Tyr-647 and Ser-863 are important functional sites of Ror2 in convergence and extension movements. A, structure of zebrafish Ror2; single vertical lines indicate the mutant sites. B, quantitation of convergence and extension defect phenotypes in zebrafish embryos at 12 hpf injected with the indicated mRNA: gfp, 100 pg; wnt11, 25 pg; ror2, 100 pg; ror2-Y647F, 100 pg; ror2-S863A, 100 pg; ror2-Y647F-S863A, 100 pg. The embryo number of each group is shown at the top of each associated column. The results are from three to six independent microinjection experiments. The values are presented as the mean ± S.E. Two-tailed t tests were used to determine significant differences. ***, p < 0.001. ns, non-significant.

FIGURE 8.

Dsh and RhoA act downstream of the Wnt11-Ror2 signaling pathway.

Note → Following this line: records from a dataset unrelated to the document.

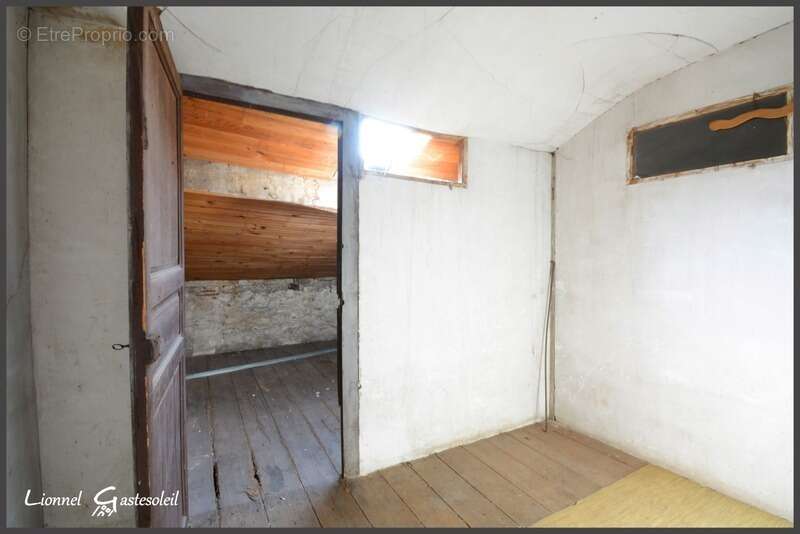 Maison à SAINTE-FOY-LA-GRANDE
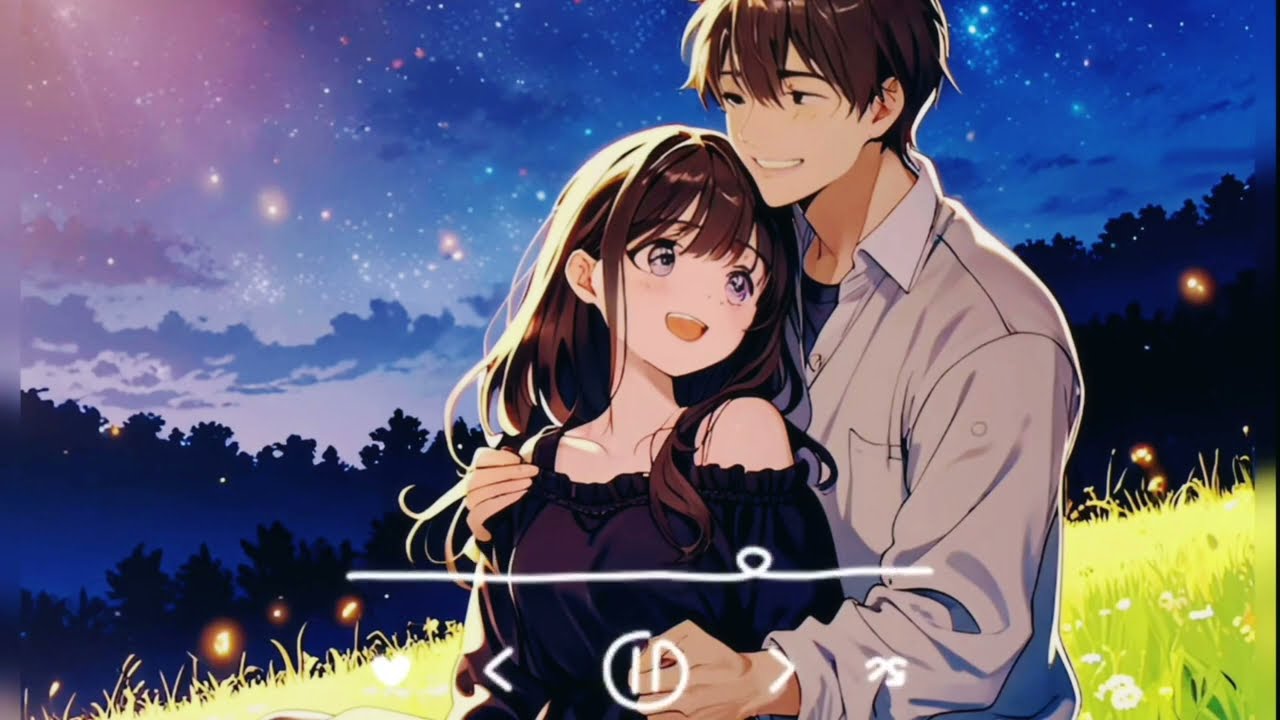 आँखें खुली हों या हों बंद | Romantic Hindi Love Song | New Romantic Song 2026 | 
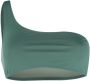 Ulla Johnson Asymmetrische bikinitop Groen - Thumbnail 1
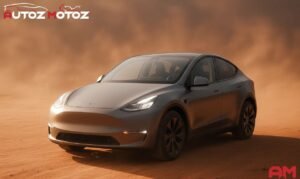 Tesla best car model y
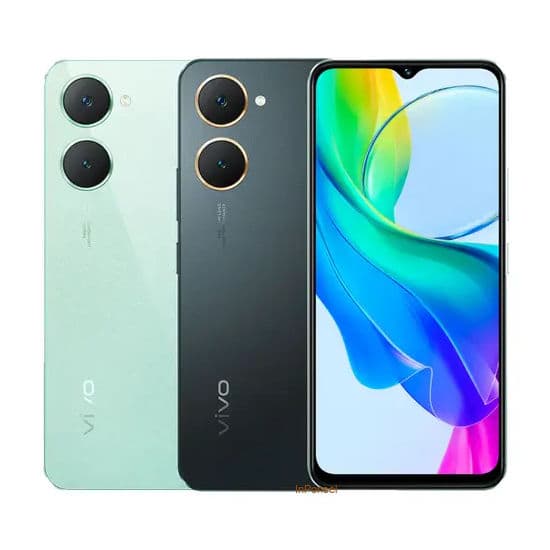 Vivo Y03t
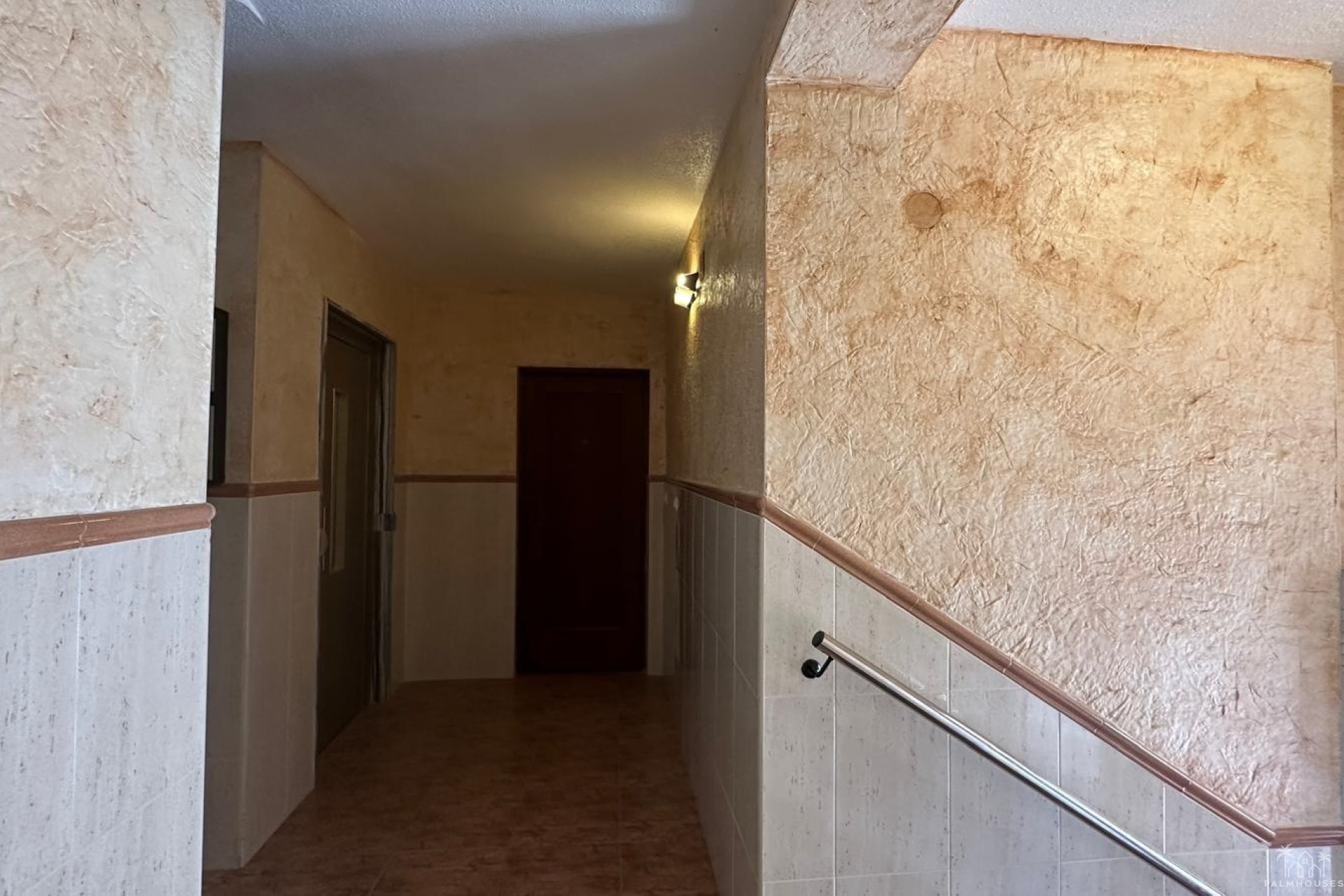 Herverkoop - Appartement - Torrevieja - Estacion de autobuses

A, quantitation of eye phenotypes in zebrafish embryos injected with ror2-TM or ror2-TM + XDsh-ΔDIX mRNA (100 pg) at 24 hpf. The embryo number of each group is shown at the top of each related column. The results are from three independent microinjection experiments. B, quantitation of eye phenotypes in zebrafish embryos injected with ror2-TM or ror2-TM + rhoA mRNA (10 pg) at 24 hpf. The embryo number of each group is shown at the top of each related column. The results are from three independent microinjection experiments. C, schematic diagram of the interaction between the Ror2 and Wnt11 signaling pathways.